Sonra Yâsîn sûresini okur. Bilmiyorsa Kur’an’dan bildiğini okur.
Biliniz ki, Ebû Hanîfe (rahimehullah), kabrin yanında Kur’ân-ı kerîm okumağı kerih görmüştür. İmam Muhammed ise, mekruh değildir buyurmuştur.

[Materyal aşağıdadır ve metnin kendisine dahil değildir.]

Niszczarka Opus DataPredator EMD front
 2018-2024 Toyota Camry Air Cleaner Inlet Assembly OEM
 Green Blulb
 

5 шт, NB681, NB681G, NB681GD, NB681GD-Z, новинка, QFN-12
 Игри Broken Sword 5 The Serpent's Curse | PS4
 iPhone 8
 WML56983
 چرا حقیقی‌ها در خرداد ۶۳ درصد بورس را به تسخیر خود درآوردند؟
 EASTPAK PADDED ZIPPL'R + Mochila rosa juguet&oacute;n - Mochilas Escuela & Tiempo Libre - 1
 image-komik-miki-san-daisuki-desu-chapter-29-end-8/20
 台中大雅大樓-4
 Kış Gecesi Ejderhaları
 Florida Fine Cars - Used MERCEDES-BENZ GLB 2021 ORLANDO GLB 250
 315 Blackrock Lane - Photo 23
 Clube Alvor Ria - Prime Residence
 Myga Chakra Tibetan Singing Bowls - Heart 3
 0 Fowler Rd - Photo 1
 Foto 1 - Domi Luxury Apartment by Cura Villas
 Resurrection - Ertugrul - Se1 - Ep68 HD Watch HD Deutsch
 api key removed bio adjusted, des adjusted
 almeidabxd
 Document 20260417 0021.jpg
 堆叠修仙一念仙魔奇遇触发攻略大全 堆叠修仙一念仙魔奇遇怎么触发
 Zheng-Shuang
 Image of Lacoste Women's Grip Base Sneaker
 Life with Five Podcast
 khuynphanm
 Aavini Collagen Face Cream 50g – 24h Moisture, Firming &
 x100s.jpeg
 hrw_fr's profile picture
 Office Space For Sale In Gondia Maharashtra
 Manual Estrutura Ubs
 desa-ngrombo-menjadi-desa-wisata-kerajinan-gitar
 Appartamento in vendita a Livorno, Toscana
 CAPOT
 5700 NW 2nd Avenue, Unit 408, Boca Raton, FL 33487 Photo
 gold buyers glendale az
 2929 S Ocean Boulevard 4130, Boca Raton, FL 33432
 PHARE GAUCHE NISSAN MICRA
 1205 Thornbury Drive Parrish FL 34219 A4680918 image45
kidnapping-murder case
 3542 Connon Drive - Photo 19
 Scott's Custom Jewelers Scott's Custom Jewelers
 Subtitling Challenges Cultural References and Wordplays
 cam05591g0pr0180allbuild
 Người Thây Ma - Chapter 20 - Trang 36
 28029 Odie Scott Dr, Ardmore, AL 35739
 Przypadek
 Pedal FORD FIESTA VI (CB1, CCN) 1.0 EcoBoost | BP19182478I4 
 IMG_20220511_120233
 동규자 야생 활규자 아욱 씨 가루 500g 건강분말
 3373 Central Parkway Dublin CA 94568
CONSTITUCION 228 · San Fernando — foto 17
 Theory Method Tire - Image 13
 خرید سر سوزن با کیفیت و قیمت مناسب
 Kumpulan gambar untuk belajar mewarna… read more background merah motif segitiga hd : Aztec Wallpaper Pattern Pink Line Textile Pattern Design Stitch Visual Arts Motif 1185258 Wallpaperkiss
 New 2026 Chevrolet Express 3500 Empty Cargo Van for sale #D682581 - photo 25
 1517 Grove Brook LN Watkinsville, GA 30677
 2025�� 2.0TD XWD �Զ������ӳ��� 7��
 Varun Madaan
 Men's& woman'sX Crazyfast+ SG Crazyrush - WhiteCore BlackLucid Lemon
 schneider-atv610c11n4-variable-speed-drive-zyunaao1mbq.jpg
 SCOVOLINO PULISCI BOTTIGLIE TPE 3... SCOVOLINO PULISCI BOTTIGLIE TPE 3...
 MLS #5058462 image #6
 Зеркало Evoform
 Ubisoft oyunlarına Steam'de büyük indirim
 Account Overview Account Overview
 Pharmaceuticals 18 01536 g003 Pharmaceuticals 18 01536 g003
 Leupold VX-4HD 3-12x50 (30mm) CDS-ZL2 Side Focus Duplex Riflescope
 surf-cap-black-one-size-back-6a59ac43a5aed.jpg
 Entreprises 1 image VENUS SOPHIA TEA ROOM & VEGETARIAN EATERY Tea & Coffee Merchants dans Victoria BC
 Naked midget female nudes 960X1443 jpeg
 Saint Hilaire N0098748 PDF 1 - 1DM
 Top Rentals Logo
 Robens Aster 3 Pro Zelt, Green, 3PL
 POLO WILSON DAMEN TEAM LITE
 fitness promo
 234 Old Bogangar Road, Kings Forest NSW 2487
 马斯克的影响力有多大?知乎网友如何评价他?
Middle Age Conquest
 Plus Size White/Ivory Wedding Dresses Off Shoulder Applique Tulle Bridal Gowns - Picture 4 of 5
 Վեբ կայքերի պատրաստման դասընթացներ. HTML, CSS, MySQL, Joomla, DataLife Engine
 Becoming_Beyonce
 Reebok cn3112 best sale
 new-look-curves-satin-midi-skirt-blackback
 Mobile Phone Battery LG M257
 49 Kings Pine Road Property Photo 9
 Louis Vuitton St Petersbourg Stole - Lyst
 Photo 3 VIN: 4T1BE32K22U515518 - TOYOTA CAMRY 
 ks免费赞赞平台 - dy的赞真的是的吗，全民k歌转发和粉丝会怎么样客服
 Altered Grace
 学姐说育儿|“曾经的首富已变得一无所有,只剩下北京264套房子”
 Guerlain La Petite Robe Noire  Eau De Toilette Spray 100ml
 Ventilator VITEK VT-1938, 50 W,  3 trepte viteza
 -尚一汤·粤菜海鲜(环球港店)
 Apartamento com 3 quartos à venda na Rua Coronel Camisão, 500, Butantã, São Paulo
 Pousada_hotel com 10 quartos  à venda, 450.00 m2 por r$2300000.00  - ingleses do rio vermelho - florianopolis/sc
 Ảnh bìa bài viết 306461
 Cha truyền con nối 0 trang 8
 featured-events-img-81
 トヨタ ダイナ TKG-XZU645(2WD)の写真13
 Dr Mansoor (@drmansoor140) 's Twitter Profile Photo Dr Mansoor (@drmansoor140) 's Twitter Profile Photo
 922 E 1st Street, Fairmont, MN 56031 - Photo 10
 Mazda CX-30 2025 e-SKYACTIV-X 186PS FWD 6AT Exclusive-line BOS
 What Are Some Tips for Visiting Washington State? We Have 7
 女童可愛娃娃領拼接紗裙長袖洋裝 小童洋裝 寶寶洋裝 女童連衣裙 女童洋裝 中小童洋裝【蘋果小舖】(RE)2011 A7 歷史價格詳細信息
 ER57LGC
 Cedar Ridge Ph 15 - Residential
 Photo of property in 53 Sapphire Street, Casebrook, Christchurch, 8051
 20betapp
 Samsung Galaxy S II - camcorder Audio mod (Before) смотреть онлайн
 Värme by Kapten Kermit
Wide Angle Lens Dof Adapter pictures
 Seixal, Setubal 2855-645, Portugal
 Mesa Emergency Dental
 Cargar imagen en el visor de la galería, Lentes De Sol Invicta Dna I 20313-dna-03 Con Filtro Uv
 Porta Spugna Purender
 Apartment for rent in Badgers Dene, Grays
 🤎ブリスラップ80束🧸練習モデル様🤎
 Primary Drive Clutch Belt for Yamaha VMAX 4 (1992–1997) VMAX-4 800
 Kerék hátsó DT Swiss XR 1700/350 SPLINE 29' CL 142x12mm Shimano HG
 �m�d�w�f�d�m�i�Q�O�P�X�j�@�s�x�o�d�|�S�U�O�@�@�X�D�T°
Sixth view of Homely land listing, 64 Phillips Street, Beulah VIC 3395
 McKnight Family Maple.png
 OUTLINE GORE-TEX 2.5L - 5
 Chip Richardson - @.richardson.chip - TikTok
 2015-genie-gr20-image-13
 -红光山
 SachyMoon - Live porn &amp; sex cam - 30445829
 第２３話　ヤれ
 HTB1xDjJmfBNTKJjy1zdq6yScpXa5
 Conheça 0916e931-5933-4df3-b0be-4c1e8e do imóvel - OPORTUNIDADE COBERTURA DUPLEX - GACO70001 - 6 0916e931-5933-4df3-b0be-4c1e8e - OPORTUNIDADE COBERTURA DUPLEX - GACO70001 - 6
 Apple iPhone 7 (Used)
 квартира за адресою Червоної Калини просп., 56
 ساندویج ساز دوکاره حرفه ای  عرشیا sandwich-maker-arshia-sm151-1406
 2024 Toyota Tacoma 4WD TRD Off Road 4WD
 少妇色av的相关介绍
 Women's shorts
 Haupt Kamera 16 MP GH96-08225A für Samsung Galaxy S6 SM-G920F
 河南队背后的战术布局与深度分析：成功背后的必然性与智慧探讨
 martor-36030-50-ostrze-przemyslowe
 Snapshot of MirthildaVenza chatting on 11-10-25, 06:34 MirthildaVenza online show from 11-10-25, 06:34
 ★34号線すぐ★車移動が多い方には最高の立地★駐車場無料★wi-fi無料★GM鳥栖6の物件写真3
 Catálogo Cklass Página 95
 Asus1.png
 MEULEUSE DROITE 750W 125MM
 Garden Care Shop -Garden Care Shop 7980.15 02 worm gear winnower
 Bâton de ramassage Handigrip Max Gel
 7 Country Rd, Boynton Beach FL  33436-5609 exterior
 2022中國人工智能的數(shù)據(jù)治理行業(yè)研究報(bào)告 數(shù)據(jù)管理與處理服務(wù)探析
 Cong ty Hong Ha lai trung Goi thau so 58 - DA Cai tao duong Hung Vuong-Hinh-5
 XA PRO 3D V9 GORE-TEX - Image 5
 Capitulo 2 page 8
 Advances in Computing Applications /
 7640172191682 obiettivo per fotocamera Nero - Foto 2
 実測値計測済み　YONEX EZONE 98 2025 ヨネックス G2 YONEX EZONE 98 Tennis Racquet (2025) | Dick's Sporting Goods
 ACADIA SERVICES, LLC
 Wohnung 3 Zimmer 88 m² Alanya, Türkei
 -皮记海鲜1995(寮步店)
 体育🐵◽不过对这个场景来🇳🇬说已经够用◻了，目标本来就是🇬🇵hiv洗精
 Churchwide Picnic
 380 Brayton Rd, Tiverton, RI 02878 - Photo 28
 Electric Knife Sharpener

Muhtâr’da diyor ki, biz bunu alırız. Musannifin sözü de böyledir. Sonra tesbîh okur ve ölüye duâ eder. Sonra döner gider. Hadîs-i şerîfde: «Bir kimse, dünyâda tanıdığı bir kimsenin kabrine uğrayınca, kabirdeki onu tanır ve selâmına cevab verir» buyuruldu. Bunun için Abdullah bin Ömer (radıyallahü anhümâ) hangi kabre uğrasa, durur selâm verirdi. Nâfi’ (rahimehullah) dedi ki: İbni Ömer’i yüz, yâhud daha çok kerre gördüm. Resûlullah’ın (sallâllahü aleyhi ve sellem) mübârek kabrine gelip: Esselâmü alennebiyyi, esselâmü alâ ebî bekrin, esselâmü alâ ebî derdi. Bununla babası Ömer bin Hattâb’ı (radıyallahü anh) kasd ederdi. Sonra ayrılırdı.
Peygamber efendimiz (sallâllahü aleyhi ve sellem): «Bir din kardeşinin kabrini ziyâret edip, selâm verip oturanı, kabirde olan tanır ve kalkıncaya kadar selâmına cevab verir» buyurdu. Ravdatü’n-nâsıhîn kitabında da böyle diyor.
Bir hadîs-i şerîfde de: «Kabristandan geçerken 11 İhlâs okuyup, sevâbını ölülere hediye edene, o kabristandaki ölüler sayısınca sevab verilir» buyuruldu.
İmam Ahmed bin Hanbel (rahimehullah) buyurur: «Kabristana girince, Fâtiha-i şerîfeyi, Kul eûzü’leri ve İhlâs sûresini okuyup, sevabını bu kabristanda olanlara bağışlayın. Gönderdiğiniz sevab, muhakkak onlara ulaşır.» Şerhu’l-Hutab’da da böyle diyor.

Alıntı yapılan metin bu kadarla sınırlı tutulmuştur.